*** Block opens ***

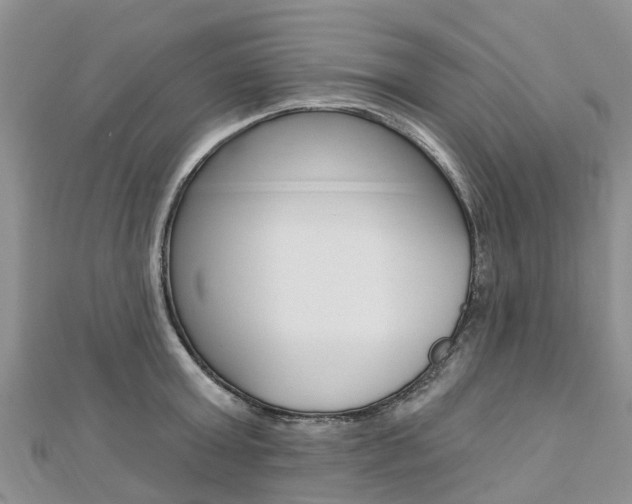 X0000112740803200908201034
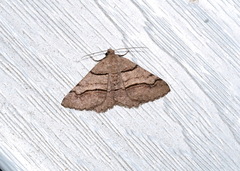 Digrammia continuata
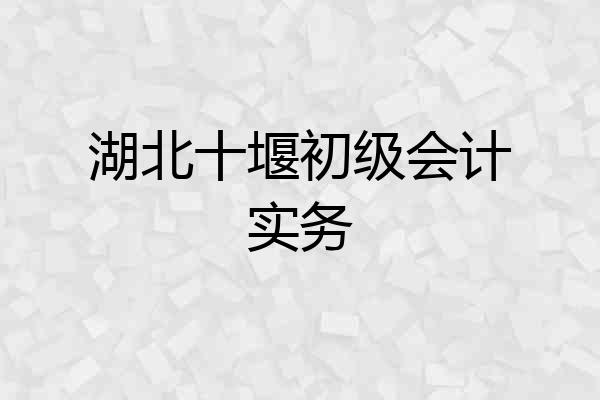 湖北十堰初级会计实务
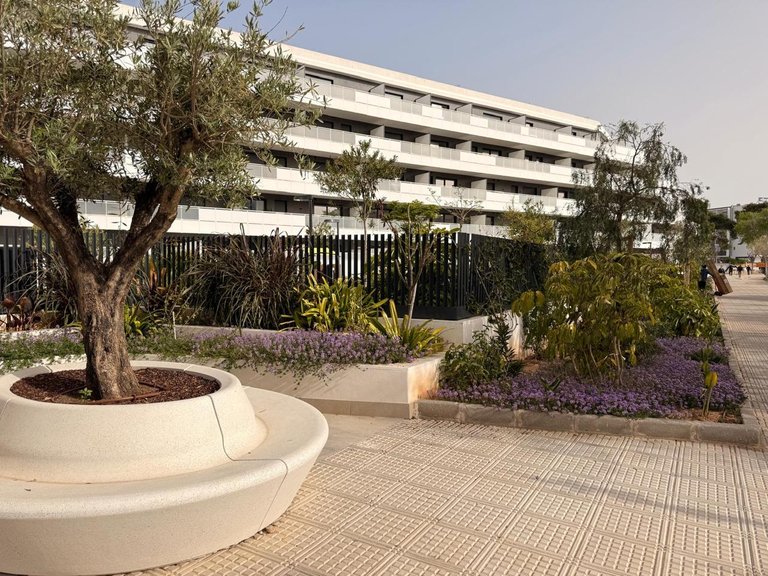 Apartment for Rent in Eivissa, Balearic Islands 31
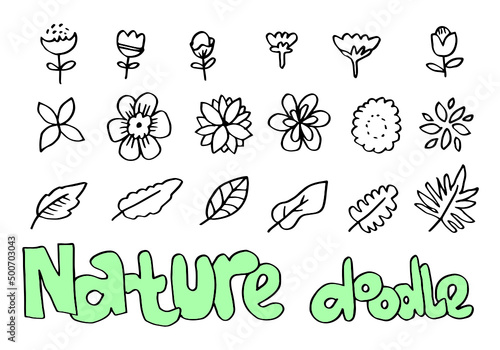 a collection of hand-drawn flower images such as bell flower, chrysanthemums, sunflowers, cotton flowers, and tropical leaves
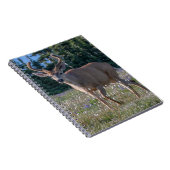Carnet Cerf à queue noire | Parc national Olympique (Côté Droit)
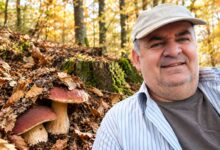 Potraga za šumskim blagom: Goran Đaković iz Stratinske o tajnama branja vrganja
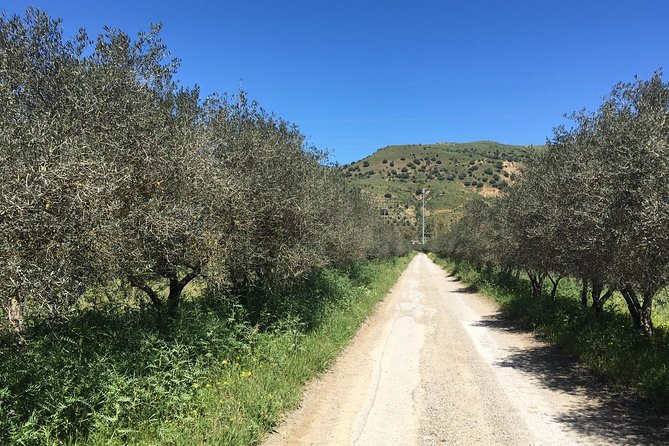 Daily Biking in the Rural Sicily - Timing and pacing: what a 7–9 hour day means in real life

*** Block closes ***
*** Block opens ***

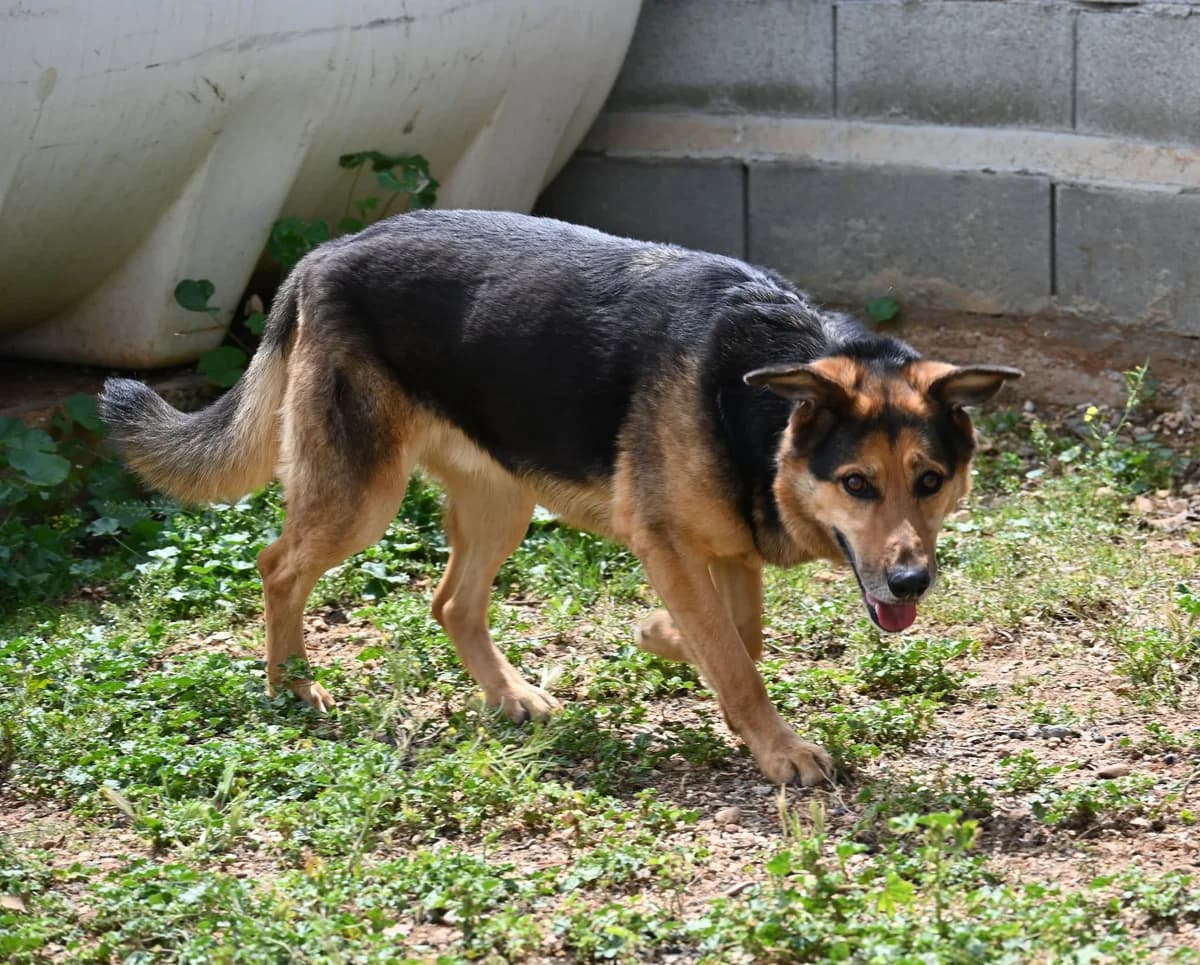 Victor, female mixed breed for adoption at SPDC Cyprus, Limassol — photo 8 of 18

*** Block closes ***

▶ **WHAT TO WORK ON**
Would you copy the lines above exactly, starting with the one that has "Apartment for Rent" and ending with the one that has "Carnet Cerf à", both included, without the pictures?

▶ **ANSWER BOX**
 Apartment for Rent in Eivissa, Balearic Islands 31
 a collection of hand-drawn flower images such as bell flower, chrysanthemums, sunflowers, cotton flowers, and tropical leaves
Carnet Cerf à queue noire | Parc national Olympique (Côté Droit)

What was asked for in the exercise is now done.